The news went, almost as quickly as lightning, from one end to the other of the parish, and spread all over the country, on both sides of the St. Lawrence. I had heard of that horror, but I could not believe it. However, I had to believe it, when, on the spot, I heard from the lips of the ex-curate, M. Tetreau, and the new curate, M. Noel de Toussignant, and from the lips of my landlord, the Honorable Laterriere, the following details, which had come to light only a short time before.
The justice of the peace had investigated the matter, in the name of public morality. Joseph was brought before the magistrates, who decided that a physician should be charged to make, not a post mortem but an ante-mortem inquest. The Honorable Laterriere, who made the inquest, declared that Joseph was a girl, and the bonds of marriage were legally dissolved.
At the same time, the curate M. Tetreau, had sent a dispatch to the Right Rev. Bishop-coadjutor of Quebec, informing him that the young man whom he had kept in his house, several years, was legally proved a girl; a fact which, I need hardly state, was well known by the bishop and his vicars! They immediately sent a trustworthy man with £500, to induce the girl to leave the country without delay, lest she were prosecuted and sent to the penitentiary. She accepted the offer, and crossed the lines to the United States with her $2,000, where she was soon married, and where she still lives.
I wished that this story had never been told me, or at least, that I might be allowed to doubt some of its circumstances; but there was no help. I was forced to acknowledge that in my Church of Rome, there was such corruption from head to foot, which could scarcely be surpassed in Sodom. I remember what the Rev. Mr. Perras had told me of the tears and desolation of Bishop Plessis, when he had discovered that all the priests of Canada, with the exception of three, were atheists.
CARDINAL NEWMAN.
I would not be honest, did I not confess that the personal knowledge of that fact, which I learned in all its scandalous details from the very lips of unimpeachable witnesses, saddened me, and for a time, shook my faith in my religion, to its foundation. I felt secretly ashamed to belong to a body of men so completely lost to every sense of honesty, as the priests and bishops of Canada. I had heard of many scandals before. The infamies of the grand vicar Manceau and Quiblier of Montreal, Cadieux at Three Rivers, and Viau at Riviere Ouelle. The public acts of depravity of the priests Lelievre, Tabeau, Pouliot, Belisle, Brunet, Quevillon, Huot, Lajuste, Rabby, Crevier, Bellecourt, Valle, Mignault, Noel, Pinet, Duguez, Davely and many others, were known to me, as well as by the whole clergy. But the abominations of which Joseph was the victim seemed to overstep the conceivable limits of infamy. For the first time, I sincerely regretted that I was a priest. The priesthood of Rome seemed then, to me, the very fulfillment of the prophecy of Revelation, about the great prostitute, who makes the nations drunk with the wines of her prostitutions.

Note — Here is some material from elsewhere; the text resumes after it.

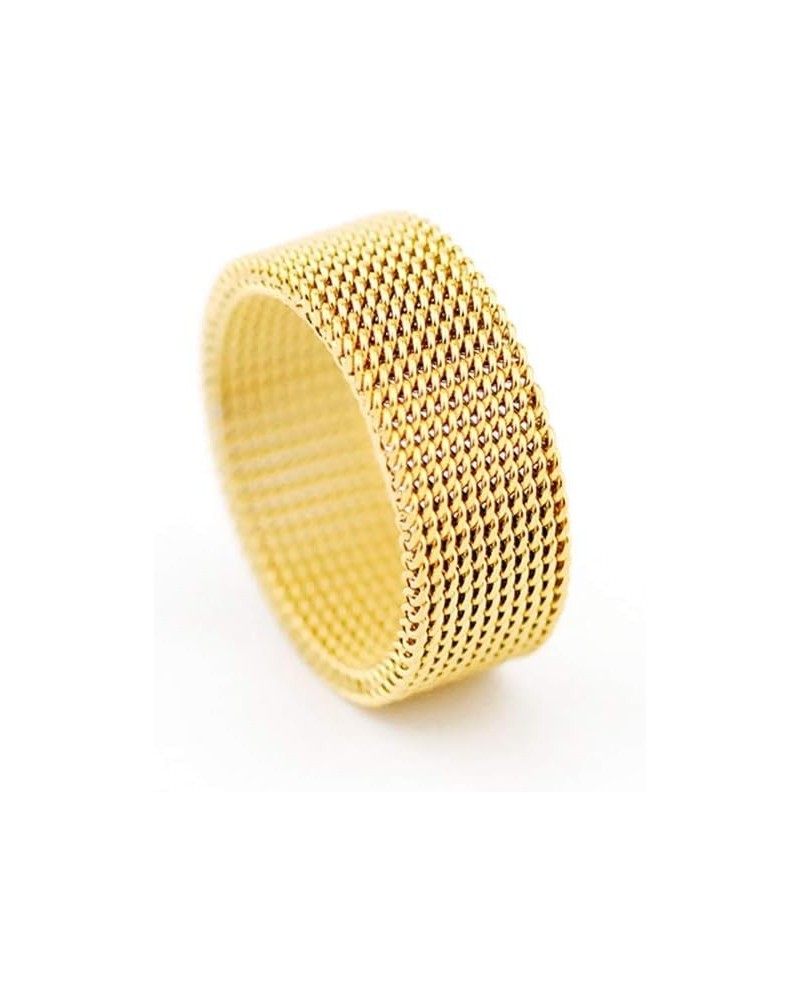 Stainless steel mesh ring Steel wire woven ring Soft Ring for Men and Women 10.25 8MM Gold $6.21 Rings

Auricular confession, which I knew to be the first, if not the only cause, of these abominations, appeared to me, what it really is, a school of perdition for the priest and his female penitents. The priest’s oath of celibacy, was to my eyes, in those hours of distress, but a shameful mask to conceal a corruption which was unknown in the most depraved days of old paganism. New and bright lights came, then, before my mind which, had I followed them, would have guided me to the truth of the gospel. But I was blind! The Good Master had not yet touched my eyes with his divine and life-giving hand. I had no idea that there could be any other church than the Church of Rome, in which I could be saved. I was, however, often saying to myself: “How can I hope to conquer on a battlefield where so many, as strong and even much stronger than I am, have perished?”

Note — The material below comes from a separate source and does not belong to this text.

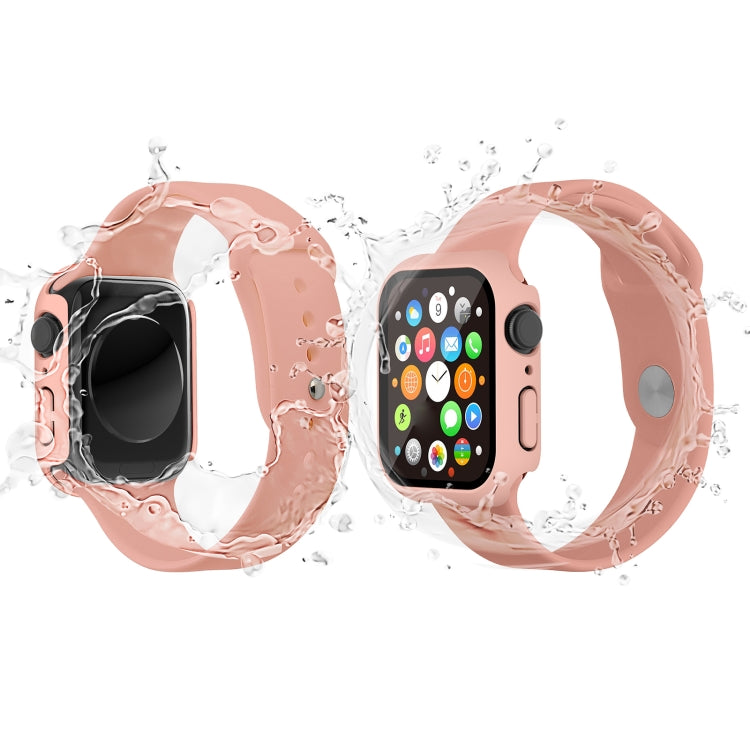 Waterproof PC+Tempered Film Watch Case For Apple Watch Series 9 / 8 / 7 45mm(Pink) by bashfashion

I felt no longer at peace. My soul was filled with trouble and anxiety. I not only distrusted myself, but I lost confidence in the rest of the priests and bishops. In fact, I could not see any one in whom I could trust. Though my beautiful and dear parish of Kamouraska was, more than ever, overwhelming me with tokens of its affection, gratitude and respect, it had lost its attraction for me. To whatever side I turned my eyes, I saw nothing but the most seducing examples of perversion. It seemed as if I were surrounded by numberless snares, from which it was impossible to escape. I wished to depart from this deceitful and lost world.